DIY SAN/NAS – fast, reliable, shared storage, with FreeNAS and switchless 10 Gbps! (Part 2)

Wow does time fly!  I posted the initial build of this DIY SAN/NAS solution over a year ago and I sincerely apologize for not following up with the details on my solution sooner!  I am providing a link to the original article below.

DIY SAN/NAS – quest for fast, reliable, shared storage with a twist of ZFS! (Part 1)

I have two excuses for such a delay.  First is the typical “work and life has been busy” but the other is a bit more genuine – I didn’t want to publish this article too quickly if the solution did not work reliably.  Granted, 3 – 6 months would have probably established reliability, but refer back to the first excuse.

The hardware

As you may recall from Part 1, I chose a Dell R510 II 12-Bay server for my storage node.  At the time, E5-2670-based machines were still too expensive and acquiring a 24-bay Supermicro SC846 (like I have in my other lab) would have been much more expensive than it is currently.  I wanted something with remote access, like iDRAC, because I’d be experimenting with different storage configurations.  The specifications of my Dell R510 12-bay storage node are as follows:

  • Dell PowerEdge R510 II 2U Server
  • 2 x Intel(R) Xeon(R) CPU E5620 @ 2.40GHz – 4 cores with 8 threads per socket
  • 2 x Dell 80 Plus Gold 750W Switching Power Supply FN1VT
  • 64GB of DDR3L ECC Memory
  • Dell K869T J675T Remote Access Card iDRAC6 Enterprise
  • Chelsio T420-CR Dual Port 10GbE PCI-E Unified Wire Adapter
  • Dell Intel PRO/1000 VT Quad-Port PCI-e Gigabit Card YT674
  • Dell Perc H200 047MCV PCIe SAS/SATA 6GB/s Storage Controller
  • 12 x Western Digital Re 1TB 7200 RPM 3.5″ WD1003FBYZ Enterprise Drive
  • 2 x Samsung 850 Evo 250GB SSDs
  • 2 x SanDisk Cruzer Fit CZ33 32GB USB 2.0 Low-Profile Flash Drive

Whew, I think that about does it.  I’ll explain later why I chose certain pieces of hardware in the list above.

Picking the OS/filesystem

With that out of the way, my pursuit of fast, reliable, shared storage has landed me in a somewhat unexpected position.  I imagined using either Nexenta, NetApp ONTAP Select, heck, even ZFS on Linux for my storage solution.  I even flirted with the idea of presenting the storage via iSCSI out of Windows Server 2012 R2.  For about 20 seconds I even considered using StarWinds on top of Windows.

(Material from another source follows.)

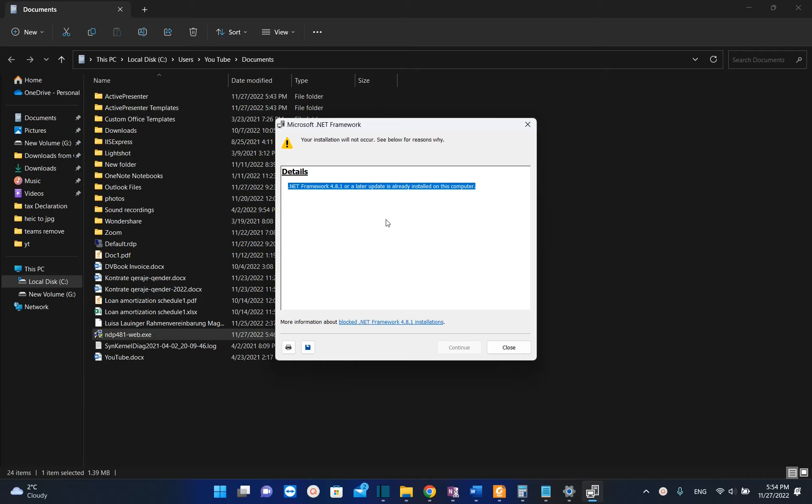all you have to do if you want to update .NET Framework to the latest version, and that's how you do it if you just want to install .NET Framework on your PC regardless of which version. Thanks a lot for watching and please consider subscribing to our channel. Wish you all the best, thank you.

I tested Nexenta and wasn’t impressed – especially since the community edition was limited in RAW capacity and offered no plugins or additional features.  That, and the performance was very, very average.  It was further complicated by the fact that I could not deduce whether or not it would accommodate my somewhat atraditional 10 Gbps network configuration.

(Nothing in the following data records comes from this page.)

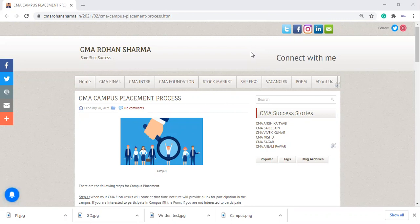What are the steps for campus placement? Suppose you want to participate in campus placement, then what are the steps one by one? I will discuss that.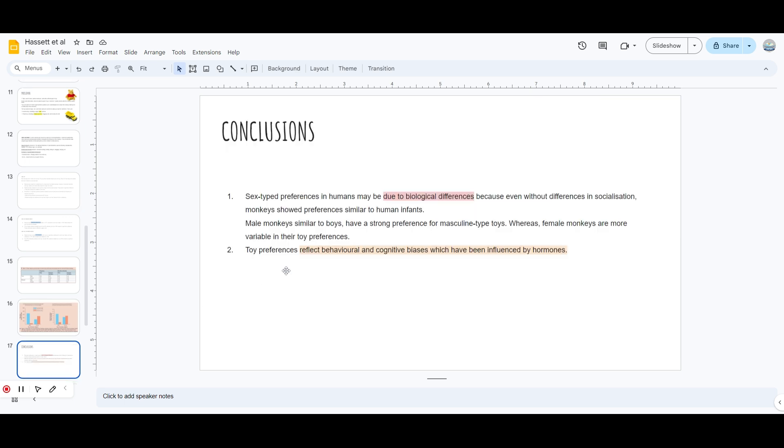The conclusion was due to biological differences that male monkeys chose the toys that move and female monkeys chose the plush toys because they could cuddle it, hug it or whatever. The reasons are mentioned in this case study in more detail in the original study - you can read it, I will link it below. The second conclusion was that preferences did reflect behavioral and cognitive biases which have been influenced by hormones - again, biological difference, biological factor.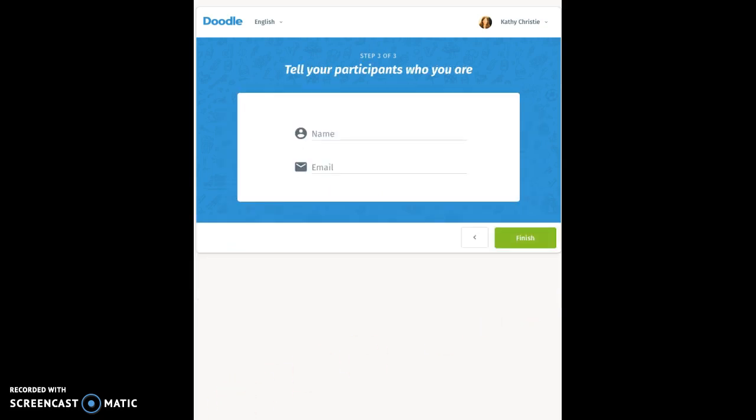On the next page, either enter your name and email address or check to be sure that what is there is correct. Then click Finish.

NetApp ONTAP Select was still in new beginnings.  In fact, I don’t know that it was even available then.  I love NetApp and its similarity to ZFS in the way it implements its WAFL (Write Anywhere File Layout) system, snapshots, etc. and I know that NetApp Clustered ONTAP 9 supports pretty funky/unusual networking configuration.  NetApp ONTAP Select was just too new and unavailable to really lean on.

The Windows 2012 R2 solutions were eliminated because I really didn’t want to have the overhead of a full Windows operating system running my storage, and I know that without special considerations I wouldn’t get very good performance.  I’d also be limited to block storage (iSCSI) if dealing with Windows.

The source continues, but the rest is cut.